**DATASET CONTENT:**
══════════

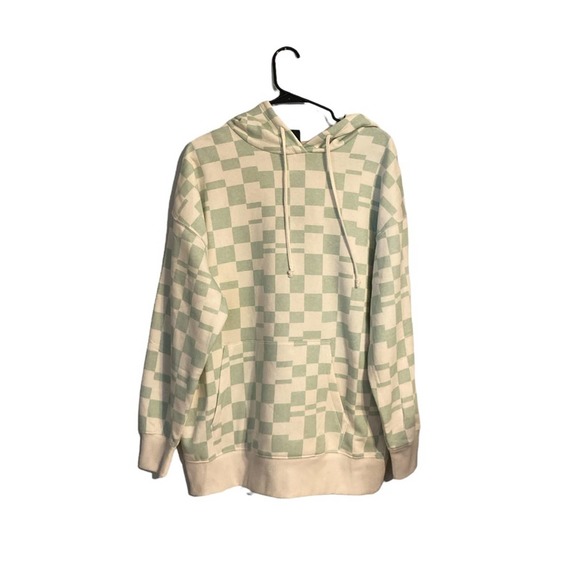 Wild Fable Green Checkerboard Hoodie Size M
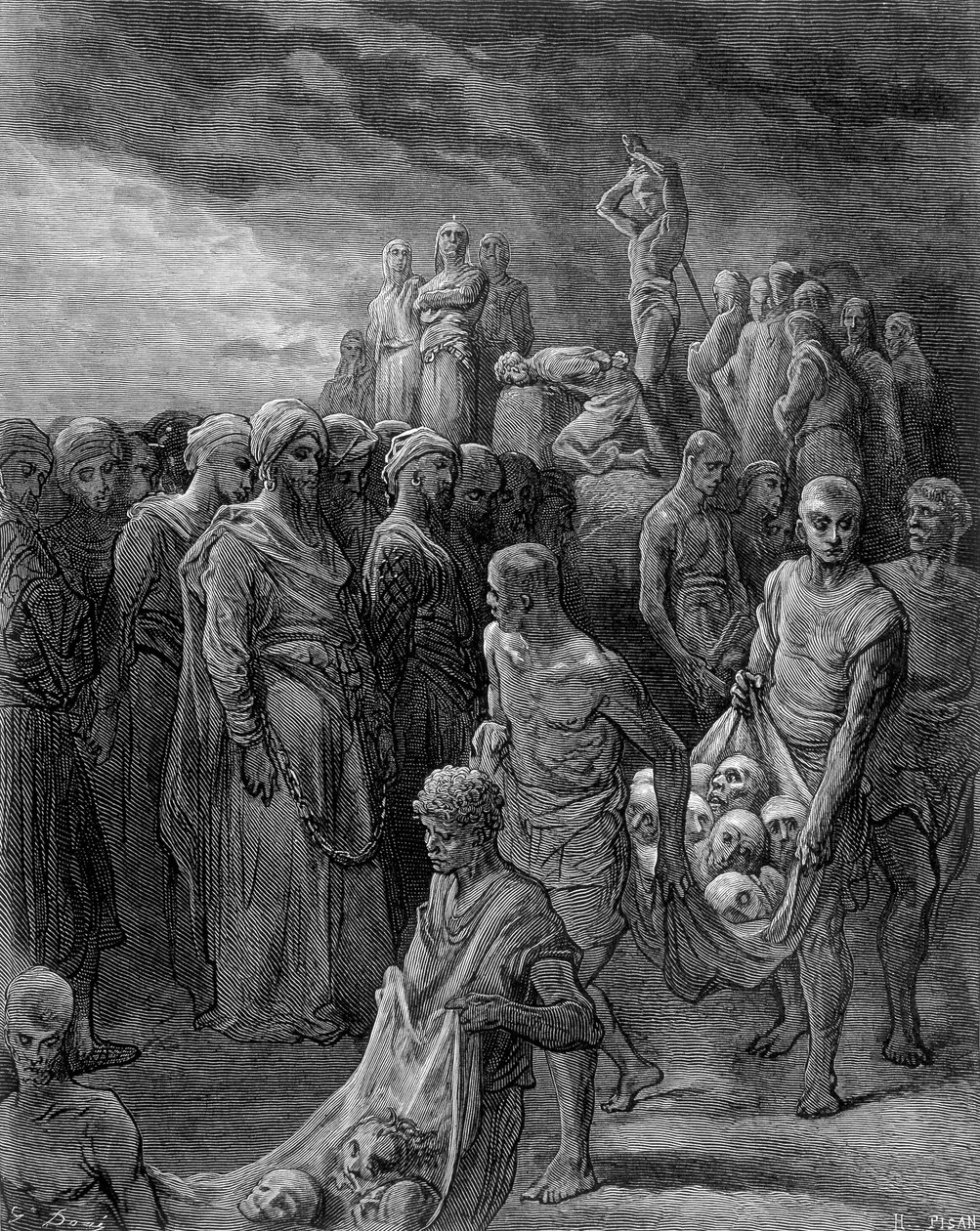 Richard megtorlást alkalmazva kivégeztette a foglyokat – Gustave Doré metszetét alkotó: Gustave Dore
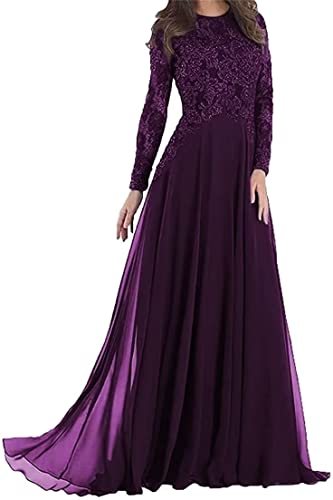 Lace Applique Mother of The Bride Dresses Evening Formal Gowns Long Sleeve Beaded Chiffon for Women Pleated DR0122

══════════

Whenever you reach a picture, pass over it; print all the other material exactly.

 Wild Fable Green Checkerboard Hoodie Size M
 Richard megtorlást alkalmazva kivégeztette a foglyokat – Gustave Doré metszetét alkotó: Gustave Dore
 Lace Applique Mother of The Bride Dresses Evening Formal Gowns Long Sleeve Beaded Chiffon for Women Pleated DR0122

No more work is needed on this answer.